EXERCISE REQUIREMENTS >> Beginning with the first line of the data below, reproduce every line unchanged, ending with the line that holds "Used 2019 Ford Fusion SE FWD image 13".

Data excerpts
Start of Block
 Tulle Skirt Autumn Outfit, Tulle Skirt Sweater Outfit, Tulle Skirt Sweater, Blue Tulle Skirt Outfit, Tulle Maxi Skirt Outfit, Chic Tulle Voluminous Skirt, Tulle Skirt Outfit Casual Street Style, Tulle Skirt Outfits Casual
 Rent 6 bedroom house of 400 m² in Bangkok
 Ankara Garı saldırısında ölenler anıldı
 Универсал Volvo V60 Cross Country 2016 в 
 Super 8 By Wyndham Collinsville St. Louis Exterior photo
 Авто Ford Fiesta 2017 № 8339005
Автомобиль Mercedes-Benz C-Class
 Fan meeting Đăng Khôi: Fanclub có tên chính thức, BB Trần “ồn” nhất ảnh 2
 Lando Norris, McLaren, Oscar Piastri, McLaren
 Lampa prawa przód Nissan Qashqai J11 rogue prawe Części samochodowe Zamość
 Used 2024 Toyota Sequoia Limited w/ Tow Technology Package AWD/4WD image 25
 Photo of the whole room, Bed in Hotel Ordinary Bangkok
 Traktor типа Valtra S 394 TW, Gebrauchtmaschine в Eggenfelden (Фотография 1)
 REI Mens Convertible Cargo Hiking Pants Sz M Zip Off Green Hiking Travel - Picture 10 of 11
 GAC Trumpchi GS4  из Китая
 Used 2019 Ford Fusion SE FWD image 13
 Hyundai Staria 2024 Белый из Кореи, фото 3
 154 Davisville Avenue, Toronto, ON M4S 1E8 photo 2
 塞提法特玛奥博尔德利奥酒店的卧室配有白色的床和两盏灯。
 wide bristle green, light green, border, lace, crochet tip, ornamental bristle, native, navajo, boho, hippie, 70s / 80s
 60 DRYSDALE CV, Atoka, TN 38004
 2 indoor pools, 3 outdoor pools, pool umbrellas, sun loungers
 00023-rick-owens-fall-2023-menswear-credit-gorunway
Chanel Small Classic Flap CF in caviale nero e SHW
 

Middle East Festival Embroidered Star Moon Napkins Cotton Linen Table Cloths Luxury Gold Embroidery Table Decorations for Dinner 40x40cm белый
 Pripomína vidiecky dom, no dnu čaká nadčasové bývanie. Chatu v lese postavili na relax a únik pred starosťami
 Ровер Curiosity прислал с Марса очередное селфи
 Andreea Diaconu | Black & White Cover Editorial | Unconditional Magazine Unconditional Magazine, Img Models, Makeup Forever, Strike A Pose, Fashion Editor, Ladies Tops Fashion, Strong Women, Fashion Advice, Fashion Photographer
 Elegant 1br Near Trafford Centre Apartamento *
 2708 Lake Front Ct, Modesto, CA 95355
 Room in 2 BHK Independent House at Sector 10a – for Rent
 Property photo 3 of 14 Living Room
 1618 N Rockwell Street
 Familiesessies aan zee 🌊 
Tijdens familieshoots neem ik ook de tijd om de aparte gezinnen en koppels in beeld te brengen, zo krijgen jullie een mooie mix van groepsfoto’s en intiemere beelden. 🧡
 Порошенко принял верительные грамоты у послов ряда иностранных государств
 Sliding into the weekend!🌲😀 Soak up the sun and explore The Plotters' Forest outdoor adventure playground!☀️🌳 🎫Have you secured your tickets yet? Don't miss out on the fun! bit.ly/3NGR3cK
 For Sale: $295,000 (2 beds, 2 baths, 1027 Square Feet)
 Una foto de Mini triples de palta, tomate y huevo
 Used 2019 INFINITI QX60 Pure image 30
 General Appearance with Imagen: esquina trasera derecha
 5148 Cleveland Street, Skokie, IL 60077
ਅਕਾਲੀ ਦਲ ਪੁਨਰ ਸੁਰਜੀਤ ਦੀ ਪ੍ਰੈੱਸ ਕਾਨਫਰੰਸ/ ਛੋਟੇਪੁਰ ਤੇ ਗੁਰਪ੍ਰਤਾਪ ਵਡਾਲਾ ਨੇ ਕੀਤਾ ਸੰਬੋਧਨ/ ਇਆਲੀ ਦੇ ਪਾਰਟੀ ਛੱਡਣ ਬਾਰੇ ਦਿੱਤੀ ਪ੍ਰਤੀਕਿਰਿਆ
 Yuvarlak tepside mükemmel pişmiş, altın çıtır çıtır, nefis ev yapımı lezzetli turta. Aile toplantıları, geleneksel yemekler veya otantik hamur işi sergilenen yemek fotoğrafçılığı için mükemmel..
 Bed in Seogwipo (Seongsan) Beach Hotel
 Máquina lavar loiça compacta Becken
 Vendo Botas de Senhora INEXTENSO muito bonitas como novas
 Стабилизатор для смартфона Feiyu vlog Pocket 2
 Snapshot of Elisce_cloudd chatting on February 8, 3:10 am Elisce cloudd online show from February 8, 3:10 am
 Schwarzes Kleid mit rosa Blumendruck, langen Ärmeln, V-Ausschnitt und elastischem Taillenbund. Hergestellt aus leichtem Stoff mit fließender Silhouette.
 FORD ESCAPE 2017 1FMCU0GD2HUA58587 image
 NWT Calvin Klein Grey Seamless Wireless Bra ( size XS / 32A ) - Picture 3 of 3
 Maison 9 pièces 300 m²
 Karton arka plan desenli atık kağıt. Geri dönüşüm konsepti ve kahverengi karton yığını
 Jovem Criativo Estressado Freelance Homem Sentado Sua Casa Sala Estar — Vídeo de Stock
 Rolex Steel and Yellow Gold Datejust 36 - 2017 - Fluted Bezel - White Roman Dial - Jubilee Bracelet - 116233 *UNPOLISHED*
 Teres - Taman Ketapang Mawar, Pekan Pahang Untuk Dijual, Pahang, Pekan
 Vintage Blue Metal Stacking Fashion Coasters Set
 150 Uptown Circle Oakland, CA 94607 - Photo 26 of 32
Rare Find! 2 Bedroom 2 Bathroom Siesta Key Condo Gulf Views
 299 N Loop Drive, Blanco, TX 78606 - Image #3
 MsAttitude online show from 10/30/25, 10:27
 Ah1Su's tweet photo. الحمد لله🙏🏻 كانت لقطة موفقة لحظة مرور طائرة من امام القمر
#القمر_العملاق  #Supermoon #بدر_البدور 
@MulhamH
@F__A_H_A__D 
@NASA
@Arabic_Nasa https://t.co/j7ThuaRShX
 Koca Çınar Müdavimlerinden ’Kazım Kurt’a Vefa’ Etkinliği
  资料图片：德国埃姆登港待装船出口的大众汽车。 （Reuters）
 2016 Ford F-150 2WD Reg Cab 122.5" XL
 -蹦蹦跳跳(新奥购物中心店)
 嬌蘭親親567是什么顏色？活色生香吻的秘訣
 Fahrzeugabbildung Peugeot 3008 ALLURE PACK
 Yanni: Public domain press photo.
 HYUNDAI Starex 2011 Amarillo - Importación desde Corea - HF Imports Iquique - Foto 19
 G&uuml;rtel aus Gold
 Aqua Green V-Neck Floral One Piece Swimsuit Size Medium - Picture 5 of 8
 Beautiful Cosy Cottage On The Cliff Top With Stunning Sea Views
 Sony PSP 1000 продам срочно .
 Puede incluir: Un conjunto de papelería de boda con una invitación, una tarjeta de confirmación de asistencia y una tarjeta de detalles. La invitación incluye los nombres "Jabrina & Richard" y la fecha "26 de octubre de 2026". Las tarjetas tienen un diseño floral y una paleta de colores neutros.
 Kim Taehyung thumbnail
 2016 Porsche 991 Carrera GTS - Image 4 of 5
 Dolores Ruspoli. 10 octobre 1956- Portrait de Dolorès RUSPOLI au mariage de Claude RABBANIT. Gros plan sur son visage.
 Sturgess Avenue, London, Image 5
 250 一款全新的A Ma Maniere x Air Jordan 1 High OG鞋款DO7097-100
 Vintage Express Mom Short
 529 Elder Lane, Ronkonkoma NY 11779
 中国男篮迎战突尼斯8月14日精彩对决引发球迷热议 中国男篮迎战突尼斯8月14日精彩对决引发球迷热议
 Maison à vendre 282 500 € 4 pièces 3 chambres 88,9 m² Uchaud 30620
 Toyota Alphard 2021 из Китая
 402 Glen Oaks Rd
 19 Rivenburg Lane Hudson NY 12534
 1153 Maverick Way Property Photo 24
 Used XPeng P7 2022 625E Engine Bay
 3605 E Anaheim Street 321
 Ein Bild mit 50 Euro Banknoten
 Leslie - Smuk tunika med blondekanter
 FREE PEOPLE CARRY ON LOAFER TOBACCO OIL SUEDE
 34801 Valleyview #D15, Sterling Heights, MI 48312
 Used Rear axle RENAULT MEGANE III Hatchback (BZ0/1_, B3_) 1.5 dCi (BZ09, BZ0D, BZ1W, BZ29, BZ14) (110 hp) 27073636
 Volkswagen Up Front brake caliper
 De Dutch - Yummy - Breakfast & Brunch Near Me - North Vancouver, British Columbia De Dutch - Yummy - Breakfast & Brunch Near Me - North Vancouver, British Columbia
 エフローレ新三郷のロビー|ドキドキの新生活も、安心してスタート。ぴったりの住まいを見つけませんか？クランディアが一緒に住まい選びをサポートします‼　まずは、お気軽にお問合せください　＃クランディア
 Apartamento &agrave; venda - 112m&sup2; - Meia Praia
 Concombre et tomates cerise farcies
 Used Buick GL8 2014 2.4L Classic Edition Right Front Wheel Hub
End of Block
YOUR RESPONSE >>
 Tulle Skirt Autumn Outfit, Tulle Skirt Sweater Outfit, Tulle Skirt Sweater, Blue Tulle Skirt Outfit, Tulle Maxi Skirt Outfit, Chic Tulle Voluminous Skirt, Tulle Skirt Outfit Casual Street Style, Tulle Skirt Outfits Casual
 Rent 6 bedroom house of 400 m² in Bangkok
 Ankara Garı saldırısında ölenler anıldı
 Универсал Volvo V60 Cross Country 2016 в 
 Super 8 By Wyndham Collinsville St. Louis Exterior photo
 Авто Ford Fiesta 2017 № 8339005
Автомобиль Mercedes-Benz C-Class
 Fan meeting Đăng Khôi: Fanclub có tên chính thức, BB Trần “ồn” nhất ảnh 2
 Lando Norris, McLaren, Oscar Piastri, McLaren
 Lampa prawa przód Nissan Qashqai J11 rogue prawe Części samochodowe Zamość
 Used 2024 Toyota Sequoia Limited w/ Tow Technology Package AWD/4WD image 25
 Photo of the whole room, Bed in Hotel Ordinary Bangkok
 Traktor типа Valtra S 394 TW, Gebrauchtmaschine в Eggenfelden (Фотография 1)
 REI Mens Convertible Cargo Hiking Pants Sz M Zip Off Green Hiking Travel - Picture 10 of 11
 GAC Trumpchi GS4  из Китая
 Used 2019 Ford Fusion SE FWD image 13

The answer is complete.